-- EXERCISE PROMPT --
Verbatim copy, images omitted: return the full listing.

-- SOURCE MATERIAL --
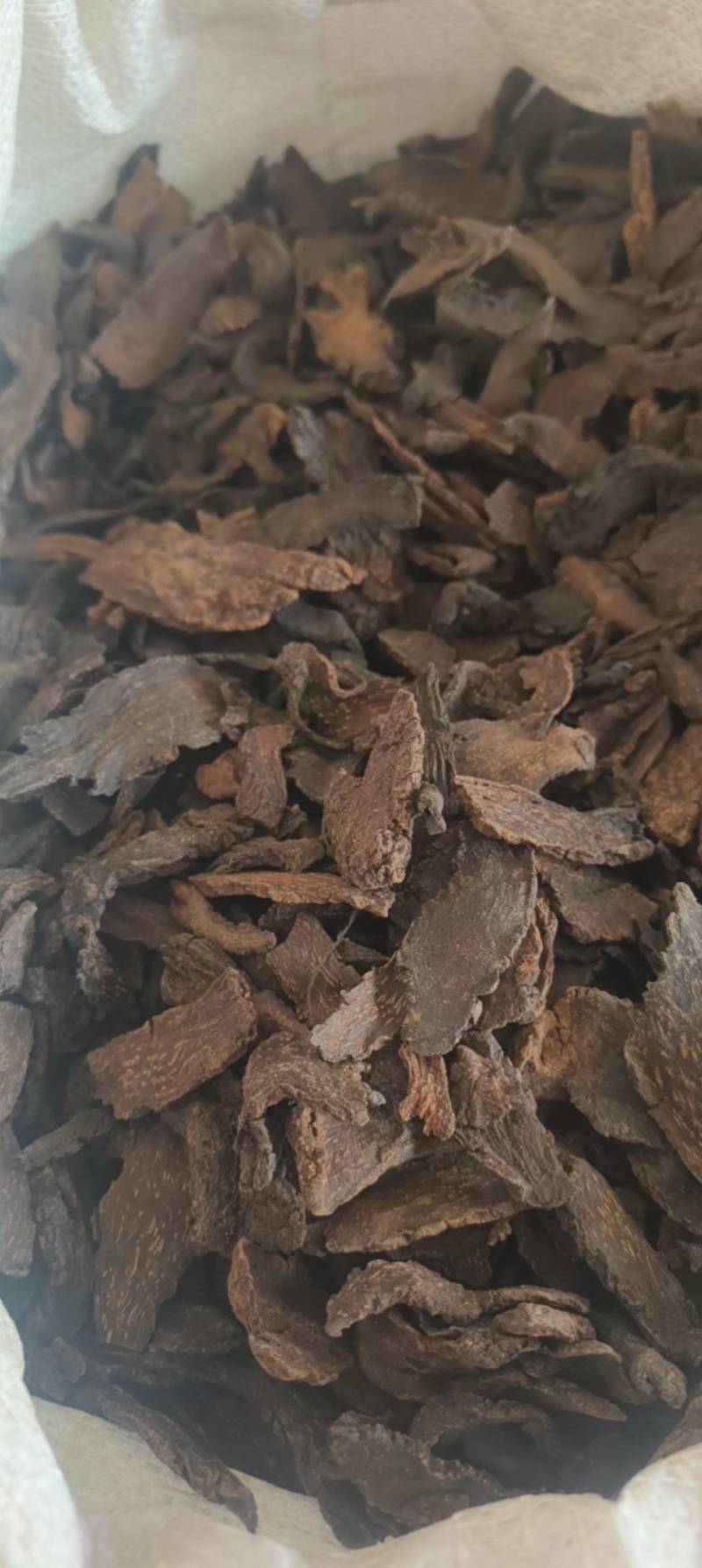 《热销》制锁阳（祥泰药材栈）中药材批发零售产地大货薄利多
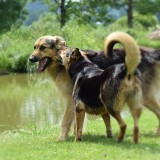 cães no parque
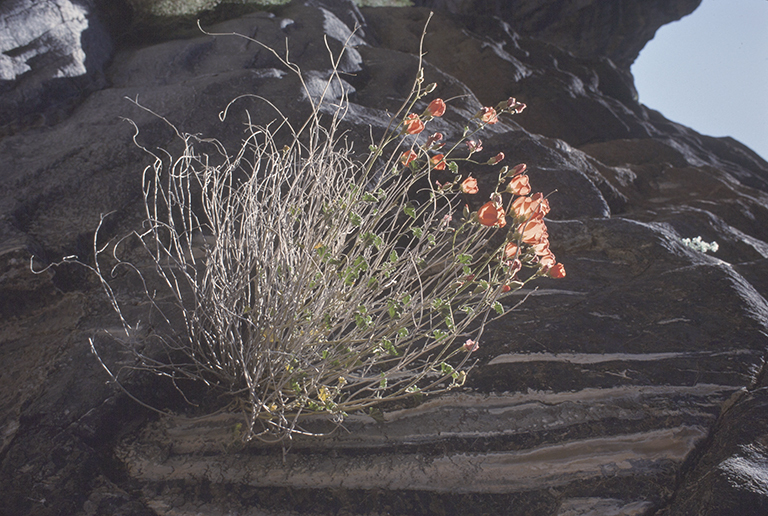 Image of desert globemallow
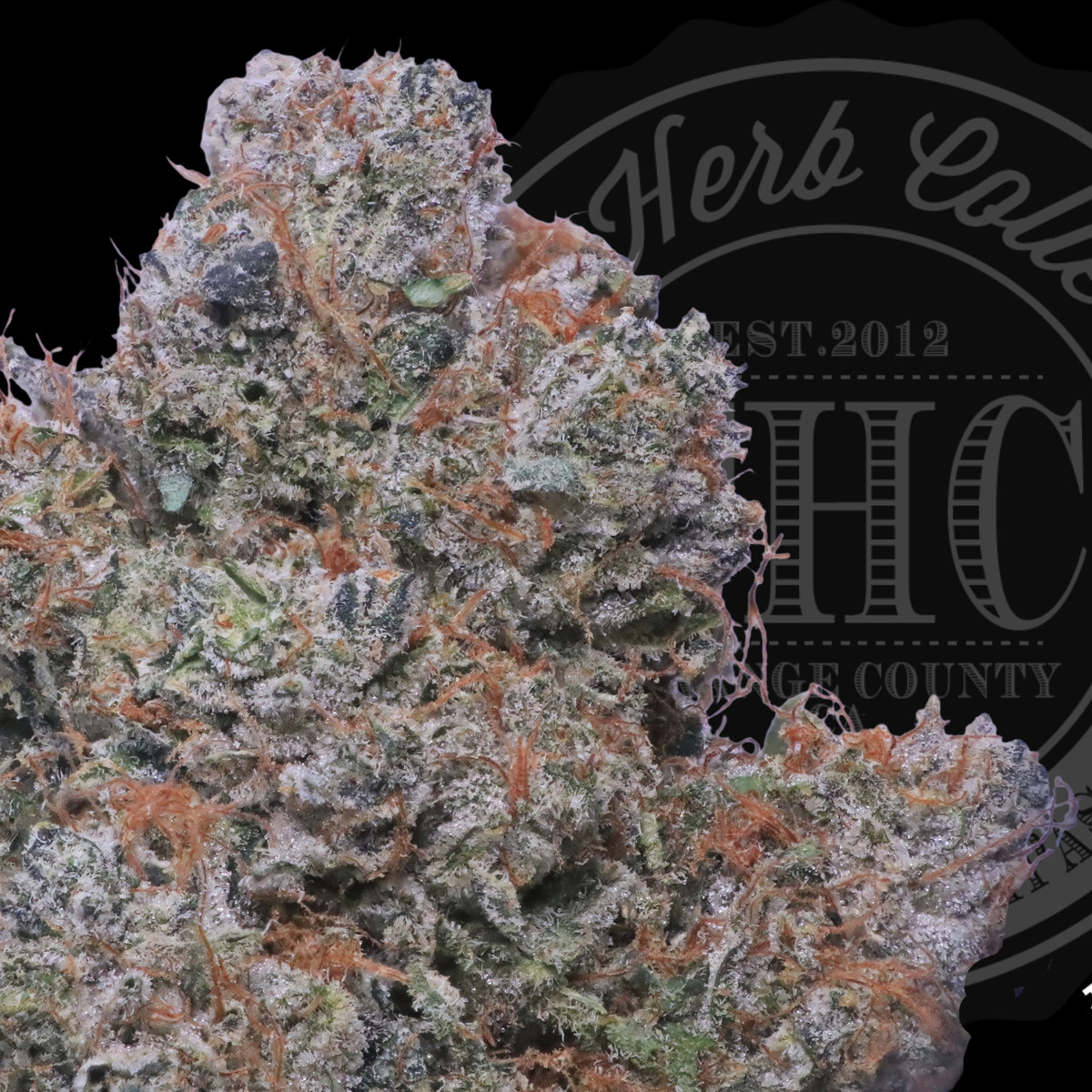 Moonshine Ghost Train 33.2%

-- EXPECTED OUTPUT --
 《热销》制锁阳（祥泰药材栈）中药材批发零售产地大货薄利多
 cães no parque
 Image of desert globemallow
 Moonshine Ghost Train 33.2%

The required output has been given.